§ Records contained in a dataset
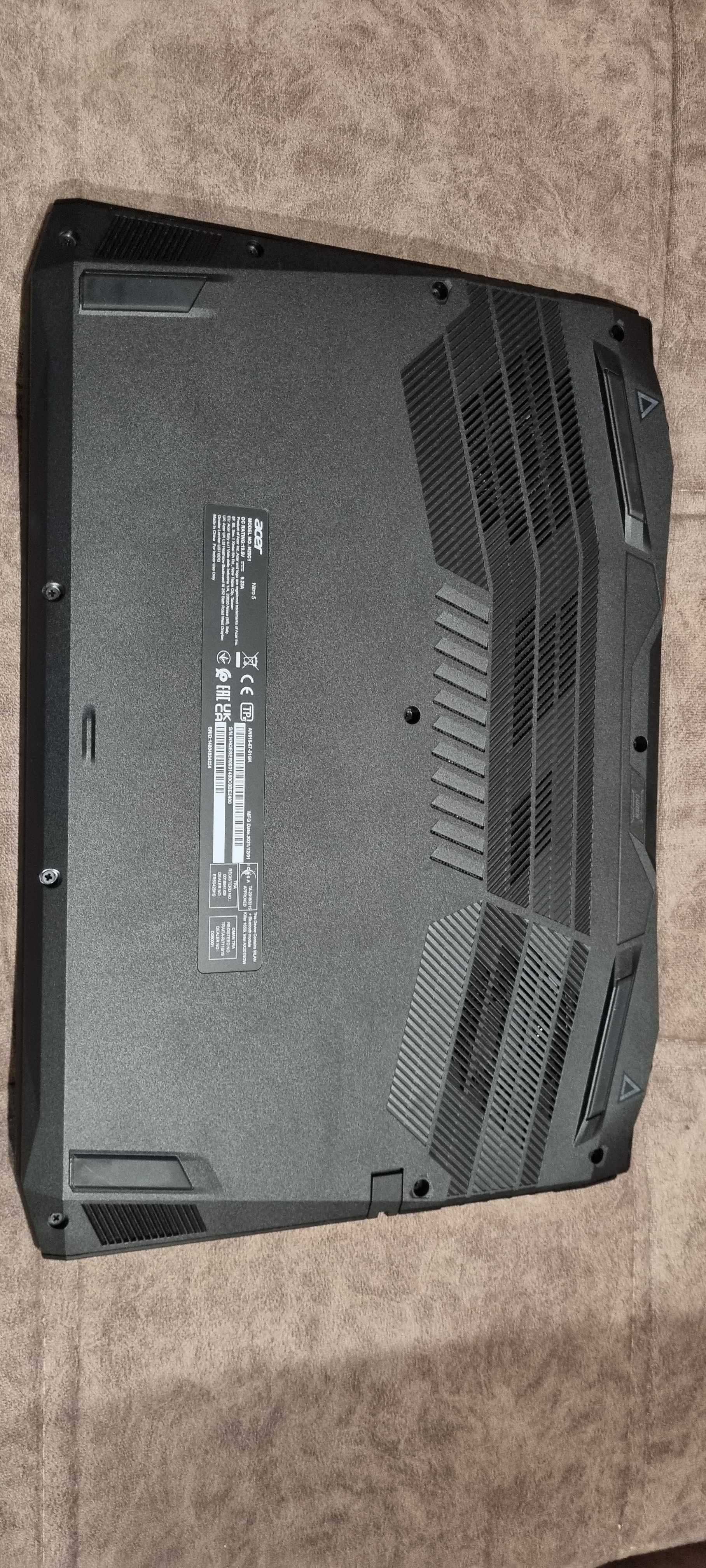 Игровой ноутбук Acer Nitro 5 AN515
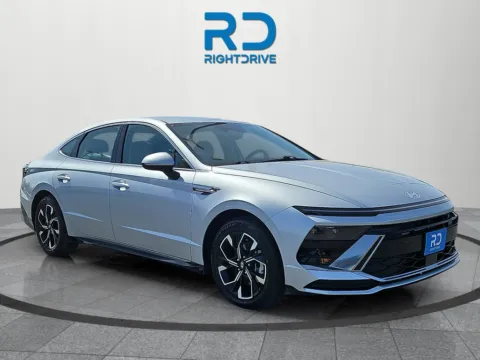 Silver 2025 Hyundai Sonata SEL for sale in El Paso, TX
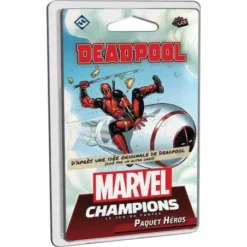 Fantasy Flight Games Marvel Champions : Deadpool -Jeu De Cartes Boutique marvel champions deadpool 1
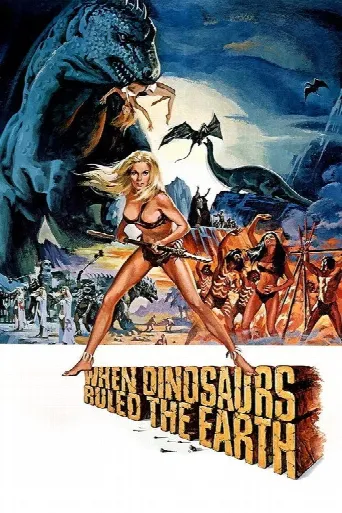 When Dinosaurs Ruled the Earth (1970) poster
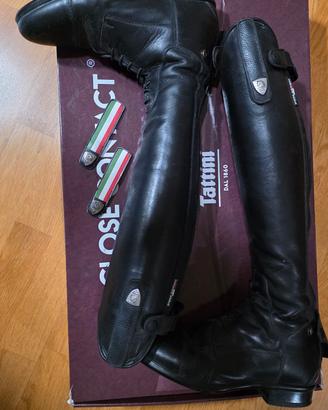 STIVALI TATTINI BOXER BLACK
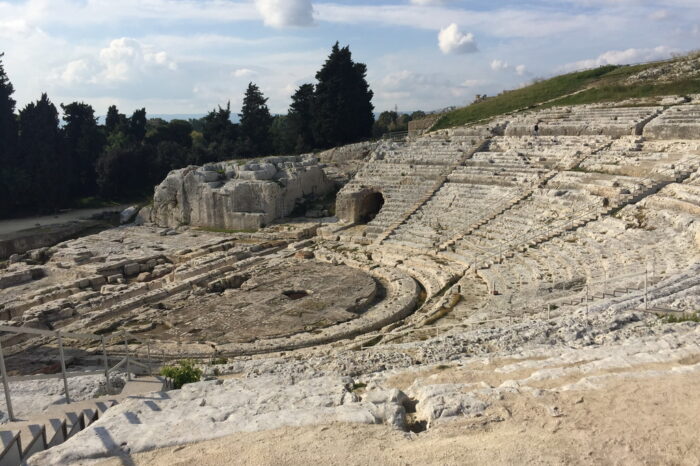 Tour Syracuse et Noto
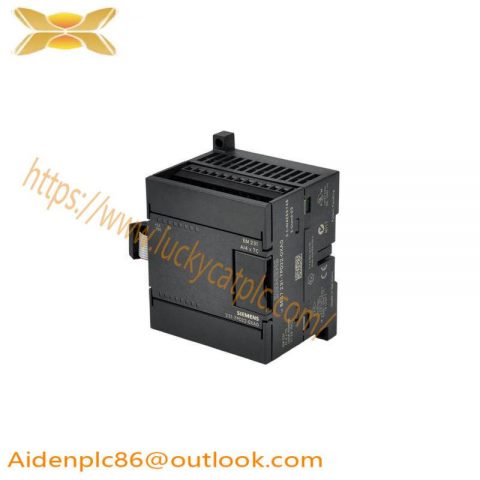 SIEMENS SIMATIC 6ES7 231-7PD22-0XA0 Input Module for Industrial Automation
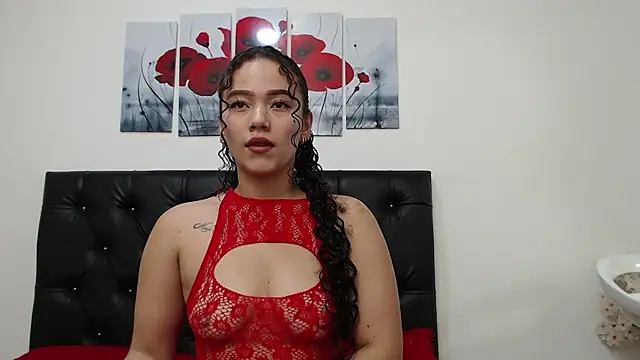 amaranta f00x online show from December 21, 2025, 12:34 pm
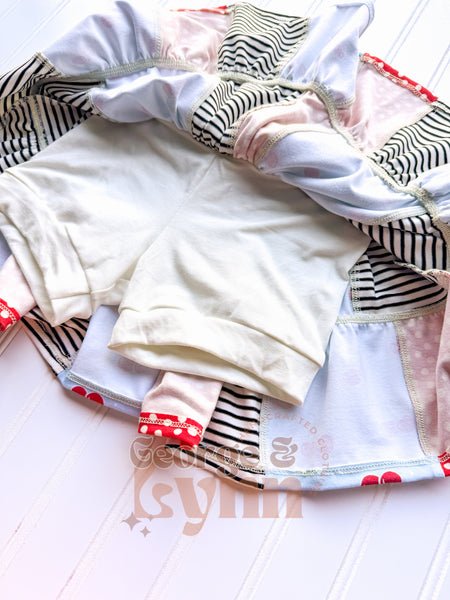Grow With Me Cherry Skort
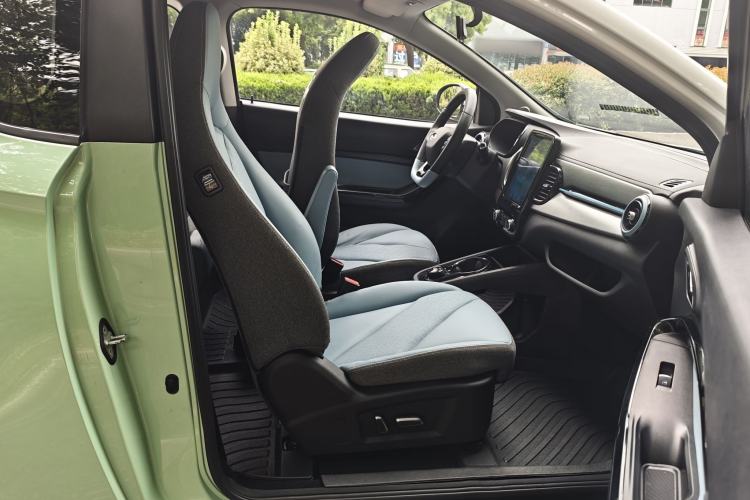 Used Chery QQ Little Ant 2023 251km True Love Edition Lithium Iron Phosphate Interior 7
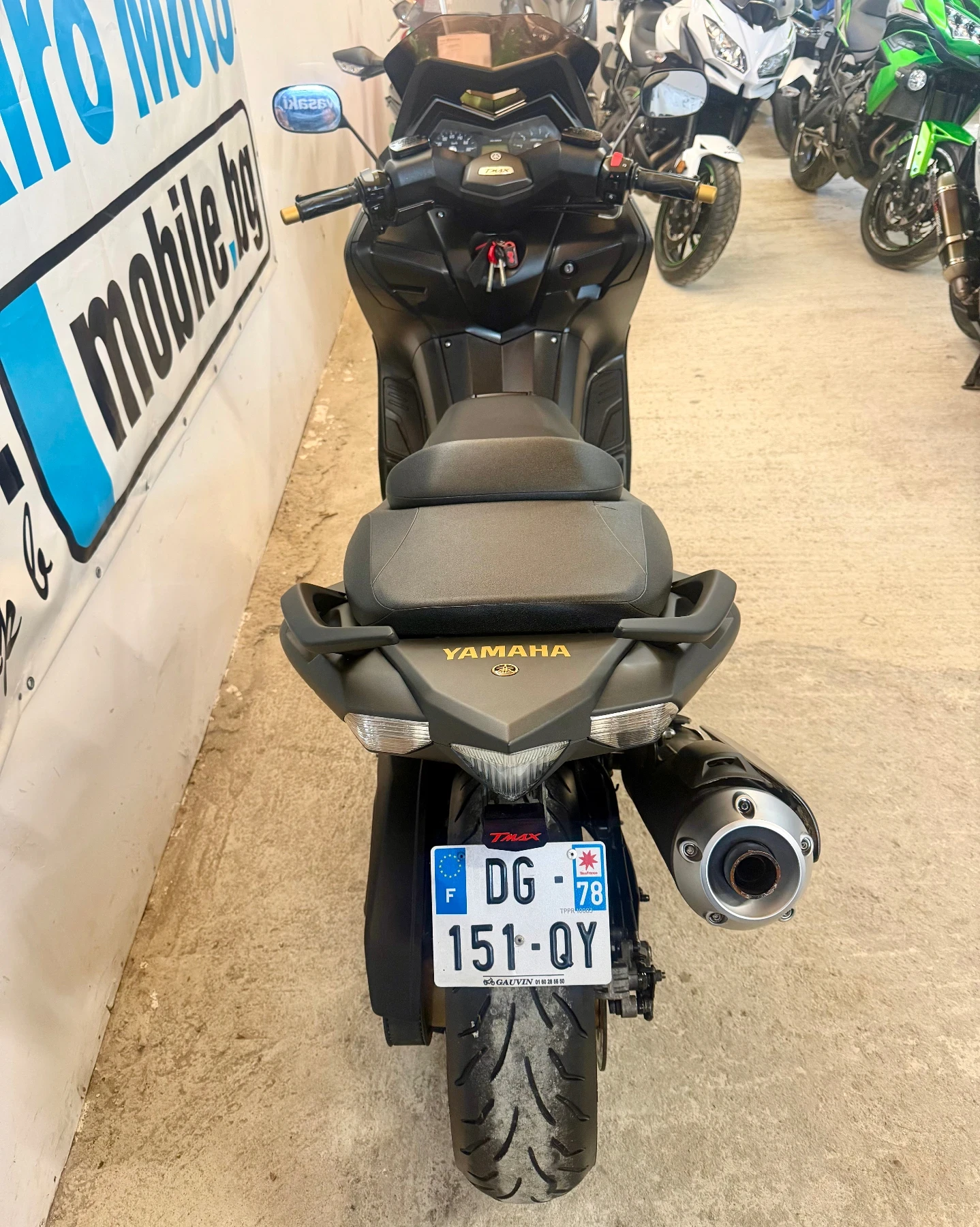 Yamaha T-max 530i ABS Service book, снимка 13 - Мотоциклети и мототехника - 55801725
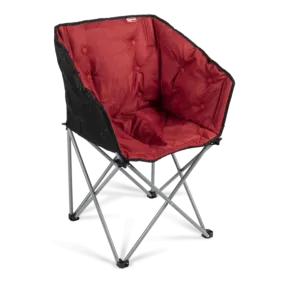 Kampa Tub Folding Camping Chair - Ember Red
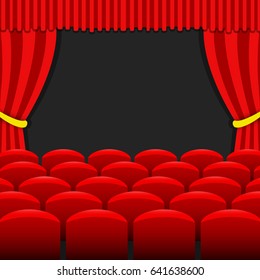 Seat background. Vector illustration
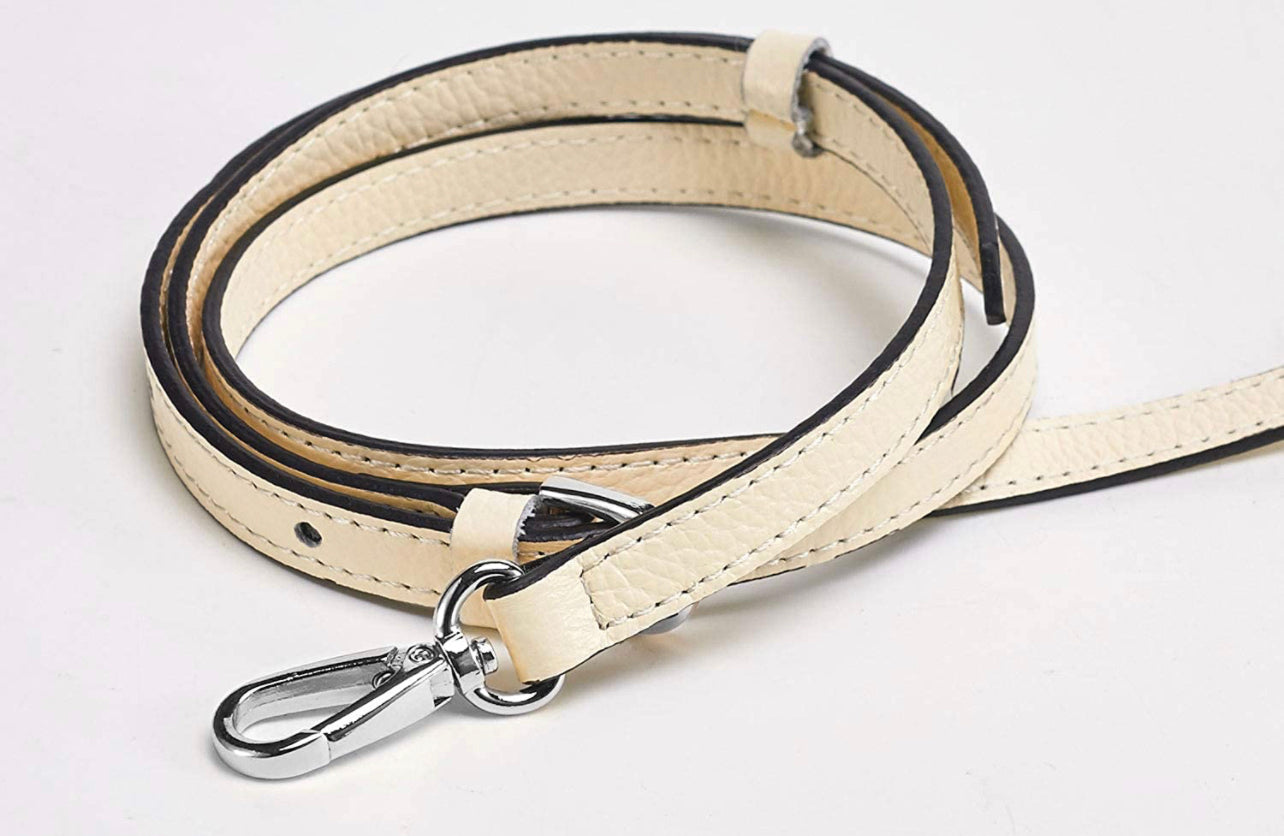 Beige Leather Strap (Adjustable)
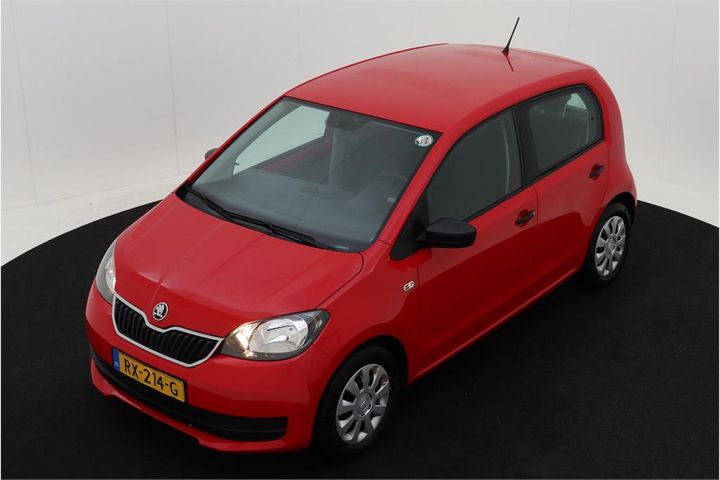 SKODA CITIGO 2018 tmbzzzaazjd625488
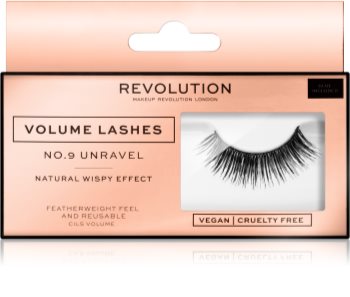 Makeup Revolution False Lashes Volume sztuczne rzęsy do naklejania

§ Problem
All of the data should come back exactly as written, but without pictures.

§ Written response
 Игровой ноутбук Acer Nitro 5 AN515
 Silver 2025 Hyundai Sonata SEL for sale in El Paso, TX
 Fantasy Flight Games Marvel Champions : Deadpool -Jeu De Cartes Boutique marvel champions deadpool 1
 When Dinosaurs Ruled the Earth (1970) poster
 STIVALI TATTINI BOXER BLACK
 Tour Syracuse et Noto
 SIEMENS SIMATIC 6ES7 231-7PD22-0XA0 Input Module for Industrial Automation
 amaranta f00x online show from December 21, 2025, 12:34 pm
Grow With Me Cherry Skort
 Used Chery QQ Little Ant 2023 251km True Love Edition Lithium Iron Phosphate Interior 7
 Yamaha T-max 530i ABS Service book, снимка 13 - Мотоциклети и мототехника - 55801725
 Kampa Tub Folding Camping Chair - Ember Red
 Seat background. Vector illustration
 Beige Leather Strap (Adjustable)
 SKODA CITIGO 2018 tmbzzzaazjd625488
 Makeup Revolution False Lashes Volume sztuczne rzęsy do naklejania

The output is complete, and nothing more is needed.